Connecting GE with S3

Arshia_Arya · May 20, 2020, 6:42pm

How to connect load data from S3? I get an error even after setting up the aws config and credentials file. When it prompts “Enter the path of the file”,after running great_expectations init, and I enter the file path at S3, it gives an error. I understand that I need to use S3GlobReaderBatchKwargsGenerator for this, but how to set batch kwargs before even initialising the project using great_expectations init?

A step by step kind of explanation would be helpful. Thanks!

roblim · May 21, 2020, 7:47am

Thanks for reaching out! I think the easiest way forward would be to complete the great_expectations init process as you’ve been doing (selecting 1. Files on a filesystem (for processing with Pandas or Spark) for the first option. But instead of entering an S3 path when prompted for a filepath, enter the filepath of a small sample csv you have saved on your local machine.
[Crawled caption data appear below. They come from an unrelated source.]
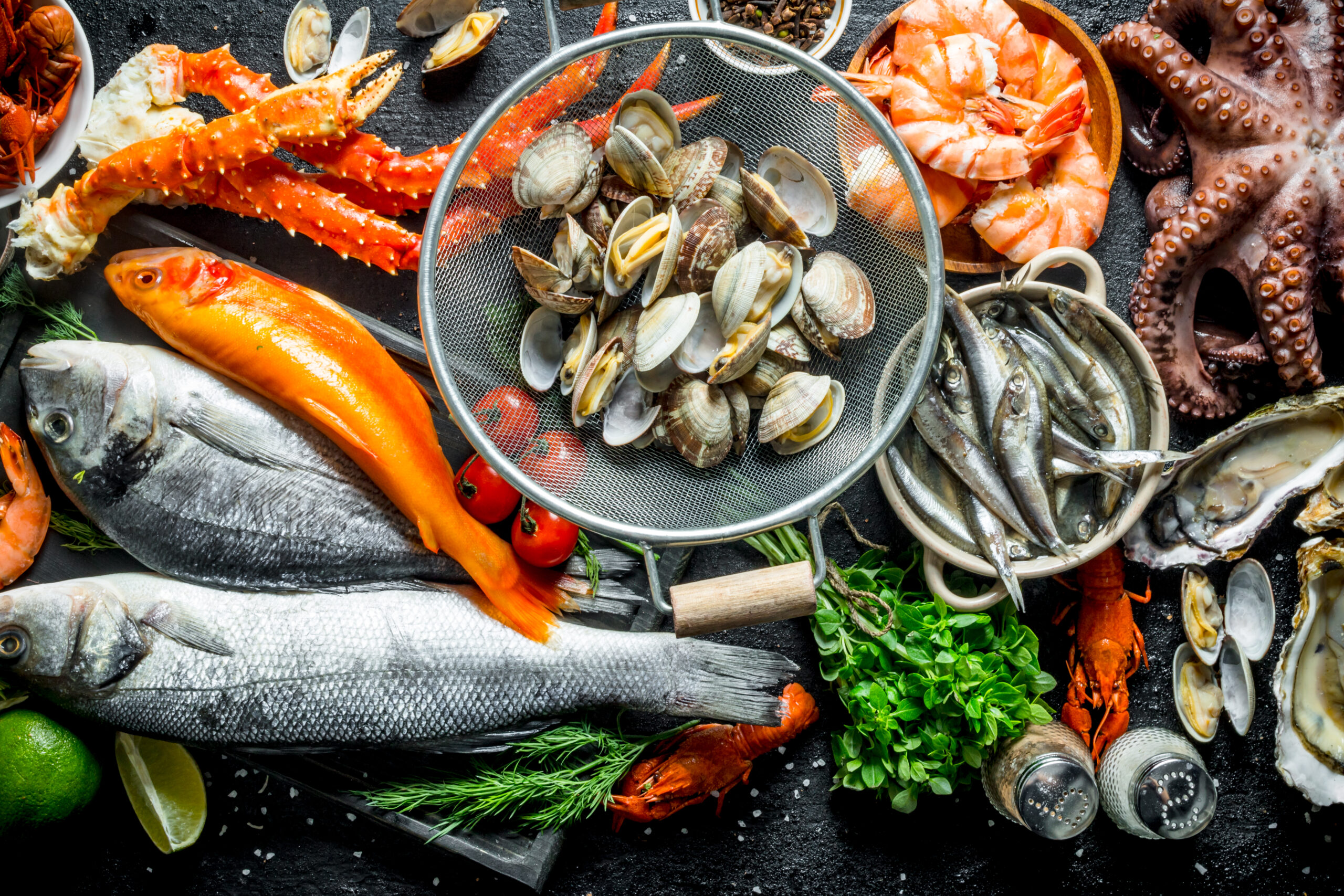 Variety of fresh seafood including fish, shellfish, and crustaceans.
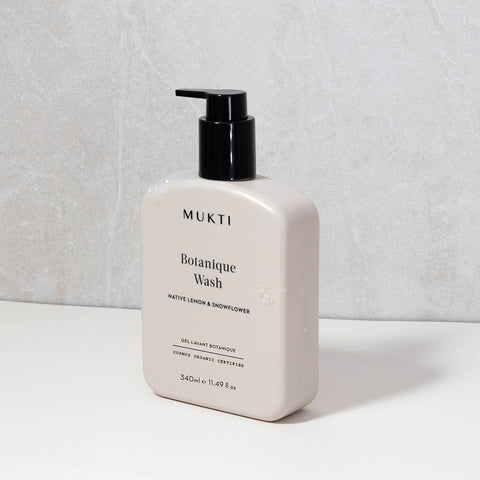 Mukti Botanique Wash bottle on a light gray background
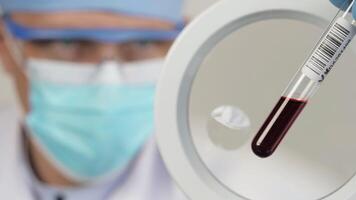 Doctor holds a test tube with a blood sample. Scientist in a medical mask sits in front of a microscope. video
Since this csv will only be used to generate a sample Expectation Suite and validation results, you can delete these artifacts later. This way, you’ll get the Great Expectations project scaffold, with directory structure and config file, without having to worry about setting everything up manually.

Once you’ve completed the init process, open the great_expectations.yml file that was created - here, we’ll add the configuration for the S3GlobReaderBatchKwargsGenerator. The datasources section should look something like this:

datasources:
  files_datasource:
    module_name: great_expectations.datasource
    data_asset_type:
      module_name: great_expectations.dataset
      class_name: PandasDataset
    class_name: PandasDatasource

Since this datasource was set up in init, it lacks a batch_kwargs_generators section. After adding the appropriate config as outlined in https://docs.greatexpectations.io/en/latest/module_docs/generator_module.html?highlight=s3%20glob#s3globreaderbatchkwargsgenerator, the datasources section should now look something like this (filled in with your own info of course):

datasources:
  files_datasource:
    module_name: great_expectations.datasource
    data_asset_type:
      module_name: great_expectations.dataset
      class_name: PandasDataset
    class_name: PandasDatasource
    batch_kwargs_generators:
      my_s3_generator:
        class_name: S3GlobReaderBatchKwargsGenerator
        bucket: my_bucket.my_organization.priv
        reader_method: parquet  # This will be automatically inferred from suffix where possible, but can be explicitly specified as well
        reader_options:  # Note that reader options can be specified globally or per-asset
          sep: ","
        delimiter: "/"  # Note that this is the delimiter for the BUCKET KEYS. By default it is "/"
        boto3_options:
          endpoint_url: $S3_ENDPOINT  # Use the S3_ENDPOINT environment variable to determine which endpoint to use
        max_keys: 100  # The maximum number of keys to fetch in a single list_objects request to s3. When accessing batch_kwargs through an iterator, the iterator will silently refetch if more keys were available
        assets:
          my_first_asset:
            prefix: my_first_asset/
            regex_filter: .*  # The regex filter will filter the results returned by S3 for the key and prefix to only those matching the regex
            dictionary_assets: True
          access_logs:
            prefix: access_logs
            regex_filter: access_logs/2019.*\.csv.gz
            sep: "~"
            max_keys: 100

You can also check out this post for another config example: How to configure a PySpark datasource for accessing the data from AWS S3?. (You can also do the above programmatically if you have a data_context object, using data_context.add_batch_kwargs_generator( datasource_name, batch_kwargs_generator_name, class_name, **kwargs) - passing in config as kwargs)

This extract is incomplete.